Apparently Millennials like myself are buying and drinking so much wine, we are completely changing the market. But even though we’re consuming wine, plenty of us have no idea how to talk about it! If you want to impress your friends at your next dinner party here are 3 things you need to know about wine:
What are tannins?
Tannin is a naturally occurring polyphenol found in plants, seeds, bark, wood, leaves, and fruit skins (like grapes)! Those tannins help keep the hungry caterpillars at bay so you have enough grapes to make wine! A wine that is “tannic” is going to be sharp and even slightly astringent tasting. Have you ever brewed a cup of tea for too long and it’s a little sharp and bitter? That’s the tannins at work! Red wines tend to have higher tannins than white wines, so red wines are often “dryer” tasting. However, “dry” means to a wine professional that the wine is not sweet and has no residual sugar, not one that is free of tannins.

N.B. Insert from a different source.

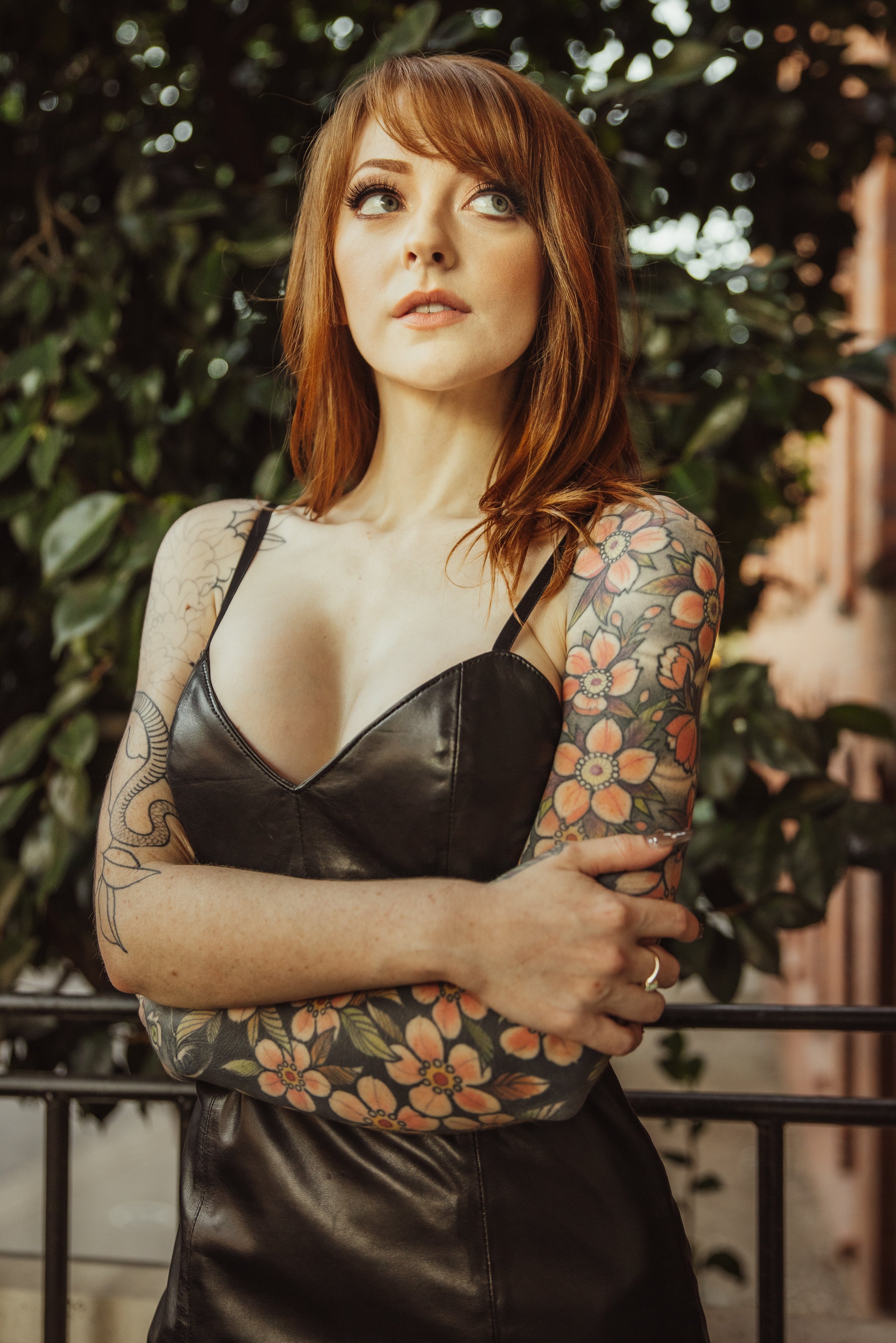 Leather and Lace Dress 4
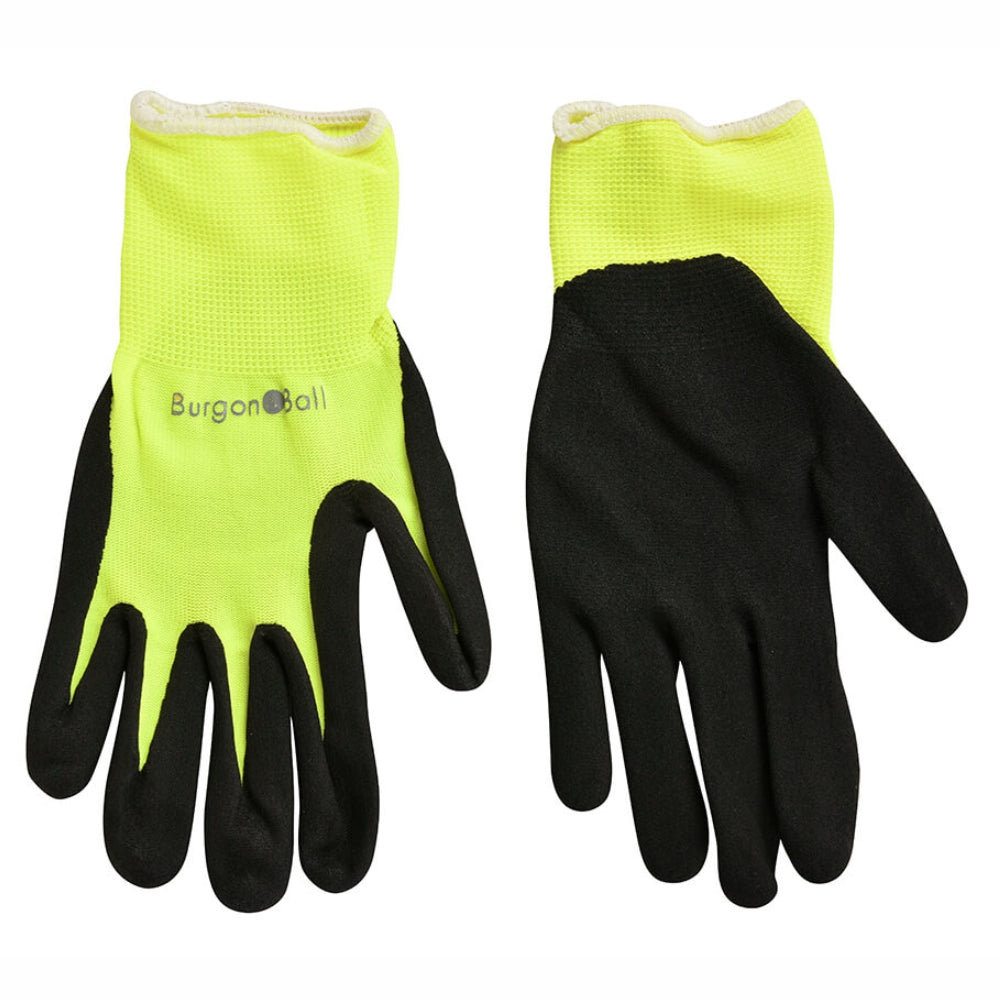 BURGON & BALL FloraBrite®  Fluorescent Garden Glove - Yellow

Warm climate = sweet wines.
As a general rule, grapes grown in warmer climates ultimately produce a sweeter, fruitier wine. Warm climate regions (think California, Argentina, Southern Spain, and Southern France) tend to have more consistent temperatures throughout the season. Italy, France, and Spain are the top three wine producing countries in the world. The less drastic temperature and weather changes from summer into fall in these regions gives the grapes ample opportunity to become fully ripe before they are picked. Grapes that are more ripe when they are picked tend to make the wines taste sweeter.
Know your numbers.
Want to really impress your number-centric friends? Check out these grape-to-bottle conversions:
· 75 grapes = 1 cluster
· 1 grape cluster = 1 glass
· 4 clusters = 1 bottle
· 40 clusters = 1 vine
· 1 vine = 10 bottles
· 30 vines = 1 barrel
· 1 barrel = 60 gallons
· 60 gallons = 25 cases
· 400 vines = 1 acre
· 1 acre = 5 tons
· 5 tons = 332 cases
There are 9 major styles of wine (Full Red Wines, Medium Red Wines , Light Red Wines , Rosé Wines, Rich White Wines, Zesty White Wines , Sweet White Wines, Dessert Wines, and Sparkling Wines), each with their own unique flavor profile and pairing suggestions. There are 12 categories of wine descriptions used to describe the entire experience of a drinking a glass.
Keep in mind that most wines are meant to be drank the same year they are bottled (only a few should be aged), so if you’ve got an older bottle kicking around in the back of your cabinet it might not taste so good anymore!